* EXERCISE DETAILS:
Images are to be left out; everything else in the records gets copied exactly.

-------------------------

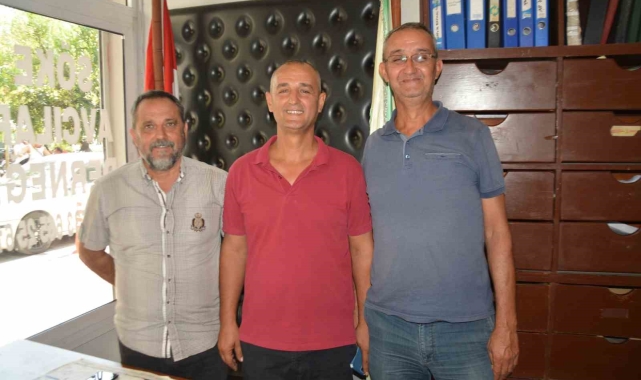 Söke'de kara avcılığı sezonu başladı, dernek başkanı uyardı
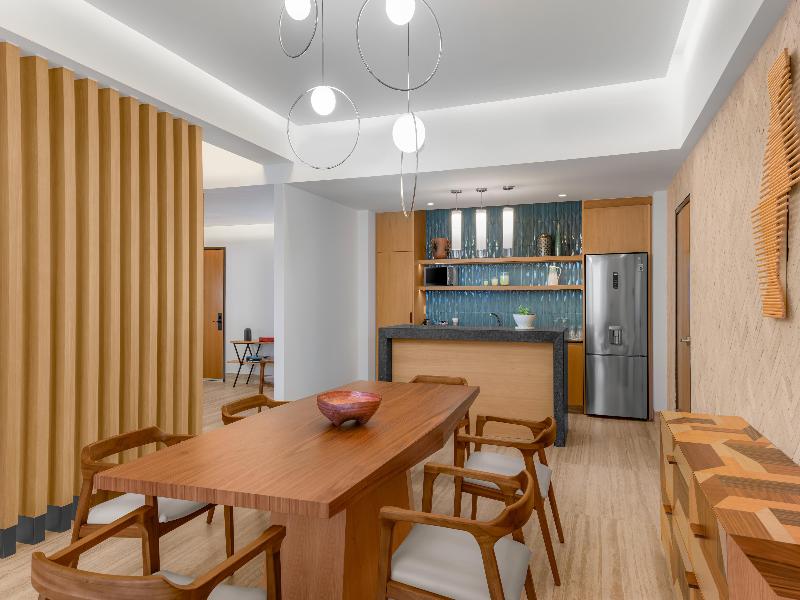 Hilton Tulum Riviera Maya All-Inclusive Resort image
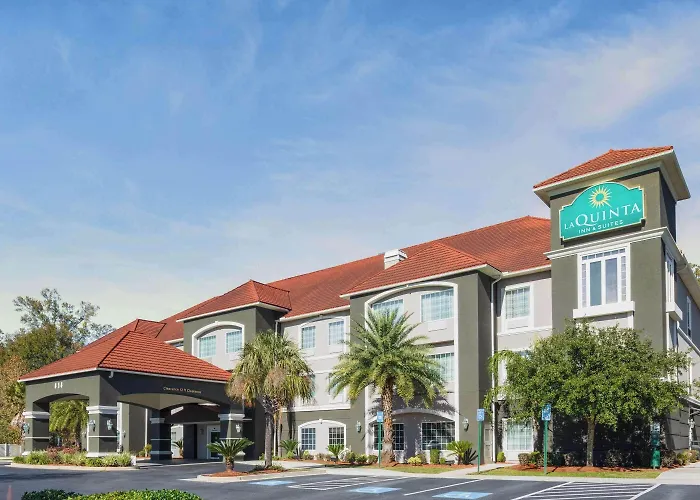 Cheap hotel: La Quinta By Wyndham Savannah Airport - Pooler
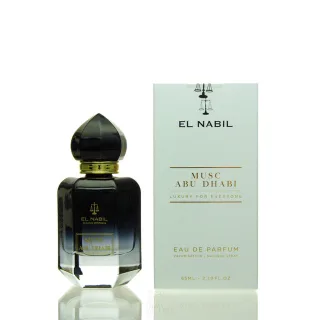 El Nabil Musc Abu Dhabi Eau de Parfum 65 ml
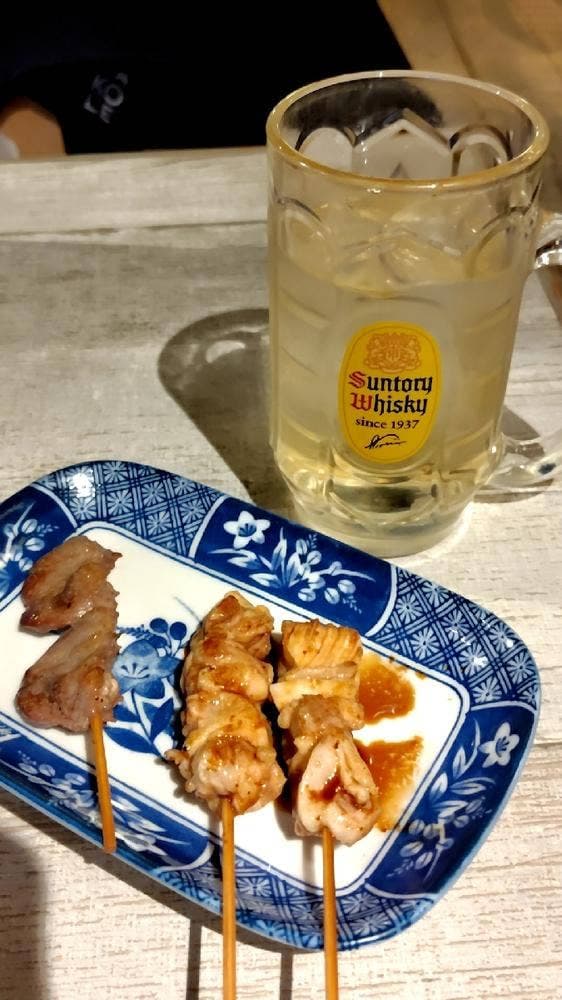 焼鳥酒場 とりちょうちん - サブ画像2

-------------------------

* SOLVED EXERCISE:
 Söke'de kara avcılığı sezonu başladı, dernek başkanı uyardı
 Hilton Tulum Riviera Maya All-Inclusive Resort image
 Cheap hotel: La Quinta By Wyndham Savannah Airport - Pooler
 El Nabil Musc Abu Dhabi Eau de Parfum 65 ml
 焼鳥酒場 とりちょうちん - サブ画像2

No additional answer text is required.